As we wrote yesterday, Cornell has been engaged in vigorous campus debate over whether to lower its evidentiary standard for students accused of sexual assault. Yesterday, Cornell's University Assembly passed a new policy that would mandate the preponderance of the evidence standard—if President Skorton approves it.
In a key part of our letter to President Skorton, we wrote:
[U]tilizing the lower standard of proof to adjudicate sexual assault cases serves to undermine the integrity, accuracy, reliability, and basic fairness of the judicial process. Implementing the preponderance of the evidence standard in hearings for sexual assault allegations turns the fundamental tenet of due process on its head, requiring that those accused of society's vilest crimes be afforded the scant protection of our judiciary's least certain standard. Under the preponderance of the evidence standard, the burden of proof may be satisfied by little more than a hunch. Accordingly, no matter the result reached by the campus judiciary, both the accuser and the accused are denied the necessary comfort of knowing that the verdict reached is accurate, trustworthy, and fair. The lack of faith in the judicial process that such uncertainty will likely engender should be of great concern to Cornell, and should convince the university to reject the lower standard in favor of the more appropriate clear and convincing evidence standard. Given the unequivocal value of a college education to an individual's prospects for personal achievement and intellectual, professional, and social growth, reducing procedural protections for those students accused of sexual assault is deeply troubling.

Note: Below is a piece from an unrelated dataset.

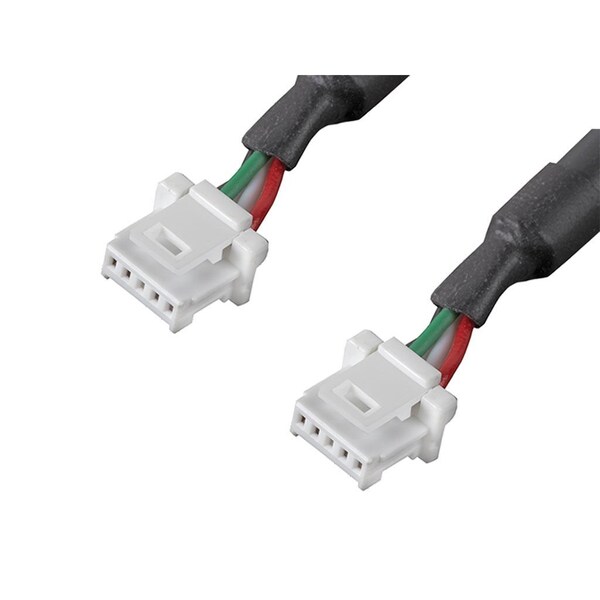 Molex Expresslink 2.0 Pico-Clasp Female-To-Pico-Clasp Female Cable Assembly, Single Row, 100.00Mm Length 2151700600 - main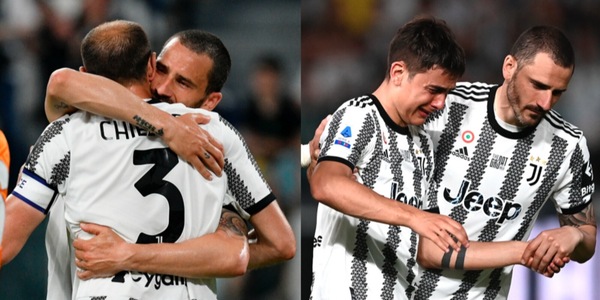 Juve, Bonucci capitan futuro: la promessa ai tifosi e il saluto a Chiellini e Dybala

In the educational context, the Supreme Court of the United States has made clear that when "a person's good name, reputation, honor, or integrity is at stake because of what the government is doing to him," due process requires "precautions against unfair or mistaken findings of misconduct and arbitrary exclusion from school." Goss v. Lopez, 419 U.S. 565, 574, 580 (1975) (quoting Wisconsin v. Constantineau, 400 U.S. 433, 437 (1971)). The Court made these observations about due process protections at the elementary and secondary school level, finding at least minimal requirements of due process necessary because disciplinary action "could seriously damage the students' standing with their fellow pupils and their teachers as well as interfere with later opportunities for higher education and employment." Id. at 575. The increased likelihood of much further-reaching negative consequences for a college student found guilty of sexual assault in a campus judicial proceeding means that greater protections are required, not lesser.
Unfortunately, the Department of Education believes otherwise, and for a year has failed to respond to FIRE's arguments—which is not exactly a sign of belief in the strength of its arguments.
President Skorton now faces a choice: side with the Supreme Court and students' due process rights, or side with the Department of Education's poorly argued, poorly considered mandate to diminish protections for the accused.